Its giant motorcoaches are subject to the same conditions that slow any kind of traffic: weather, congestion, construction.
But once a bus has picked up its passengers, it keeps going until it gets to its destination, making a trip by bus no longer than one by private car-and you don't have to drive. And they all have WiFi.
From Minneapolis, the Megabus goes to Madison, Milwaukee and Chicago, and from Milwaukee, it goes to Chicago, Madison and Minneapolis.
From Chicago, it goes to Kansas City via Normal, Ill., and St. Louis. It goes to Memphis and to Detroit and Ann Arbor, Mich. It goes to Toledo and Cleveland in Ohio. It goes to Indianapolis, Cincinnati and Columbus, Ohio.
Now it goes from Chicago to Iowa City, Iowa, and Des Moines.

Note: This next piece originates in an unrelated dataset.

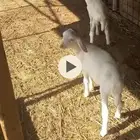 دواغير للبيع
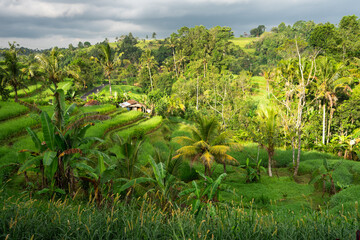 Rice paddy on hill in Bali island, Indonesia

Fares still are $1 one-way, if you book early enough. Tickets can be booked up to four months in advance; the first tickets to sell are the cheapest.
Wait a few days to reserve and round-trip tickets are likely to be closer to $20-$40 weekdays, $50-$60 weekends. Last-minute round-trips can top $100.
It adds new routes frequently, and pick-up spots also change. Check for changes and service advisories.
Book online at Megabus or call 877-462-6342.
Megabus also has a New York City hub. From there, motorcoaches go to Boston; Atlantic City; Buffalo and Toronto; and Philadelphia, Baltimore and Washington, D.C.
So far, however, there are no connections to the Midwest routes.